TODO: filesize.js-style (include/vore-human) sizing might be a bit suboptimal for this (df) sort of display?

TODO? does "UNIX Programmer's Manual" want to have some part/entirety .Tned

TODO: some sort of consistent uid/gid/pwent/grent caching?

TODO: probably want to generate each locale at most once

#Building

You'll need a non-ancient C++ toolchain, a POSIX AWK, GNU make, mandoc (linting and HTML manuals only, MANDOC=: to disable), and shellcheck (for shell wrappers, SHELLCHECK=: to disable).

libb2 and libcrypto are required (searched with pkg-config if available). It'd be just libcrypto if the implementation correctly used the result size in EVP_MD.

libselinux-dev and pkg-config will provide SELinux support.

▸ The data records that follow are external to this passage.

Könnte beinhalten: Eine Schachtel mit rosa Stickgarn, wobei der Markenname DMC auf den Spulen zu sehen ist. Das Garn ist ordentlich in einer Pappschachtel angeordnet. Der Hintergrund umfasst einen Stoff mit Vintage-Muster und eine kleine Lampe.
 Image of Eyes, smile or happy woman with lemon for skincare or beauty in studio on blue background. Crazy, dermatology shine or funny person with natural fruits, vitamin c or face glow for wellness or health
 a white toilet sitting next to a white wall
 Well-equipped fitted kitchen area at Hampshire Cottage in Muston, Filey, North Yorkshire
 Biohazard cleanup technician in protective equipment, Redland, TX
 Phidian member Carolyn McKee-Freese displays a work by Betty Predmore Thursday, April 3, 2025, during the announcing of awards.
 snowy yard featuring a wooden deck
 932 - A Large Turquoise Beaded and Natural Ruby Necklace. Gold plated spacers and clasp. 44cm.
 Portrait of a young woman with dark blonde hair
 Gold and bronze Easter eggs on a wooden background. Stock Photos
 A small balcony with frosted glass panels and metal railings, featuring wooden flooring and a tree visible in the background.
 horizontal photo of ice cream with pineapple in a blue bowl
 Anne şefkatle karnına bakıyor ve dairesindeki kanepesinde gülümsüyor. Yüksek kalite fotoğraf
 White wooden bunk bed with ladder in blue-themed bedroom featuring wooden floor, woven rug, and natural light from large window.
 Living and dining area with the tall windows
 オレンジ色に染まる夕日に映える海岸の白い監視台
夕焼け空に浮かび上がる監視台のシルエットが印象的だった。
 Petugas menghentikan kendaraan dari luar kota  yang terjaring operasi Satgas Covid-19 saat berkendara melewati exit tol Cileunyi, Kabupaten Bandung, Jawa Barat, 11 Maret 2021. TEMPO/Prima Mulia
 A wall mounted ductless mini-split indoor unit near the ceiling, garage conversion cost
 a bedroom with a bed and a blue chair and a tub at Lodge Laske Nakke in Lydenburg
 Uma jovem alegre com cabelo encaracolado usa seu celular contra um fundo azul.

Run GNU make. See the head of the Makefile for tunables, notably VOREUTILS_VERSION, derived from git HEAD by default, and VOREUTILS_DATE{,_MODE}, derived from the latest git commit affecting each file by default, OUTDIR (and {CMD,LIB,MAN,HTMLMAN}DIR) where artifacts land, and OBJDIR where intermediate objects land; these can all be set independently, SYMLINK, if set to "y", will link binary altnames together symbolically. VOREUTILS_LIB_PREFIX (/usr/lib/voreutils/) is the location of libstdbuf.

#Installation

If you just want the manuals, copy MANDIR (out/man by default) to somewhere in your $MANPATH (like /usr/local/man).

Otherwise, point your $PATH at CMDDIR (out/cmd); if you're using groff, $MANPATH works automagically, otherwise, adjust it as well. Or copy {CMD,LIB,MAN}DIR (out/{cmd,lib,man}) to ~/{bin,lib,man}.

If you're feeling brave, copy them to /usr/local/{bin,lib,man}, which globally masks your system coreutils. Depending on which GNU coreutils bugs your system depends on, this may be undesirable.

VOREUTILS_LIB_PREFIX needs to be set correctly (to the final destination of LIBDIR) at build time for stdbuf to work right.

#Organisation

Who knows yet!

The version is included in each output file, via the .version directive (=> it ends up in .note).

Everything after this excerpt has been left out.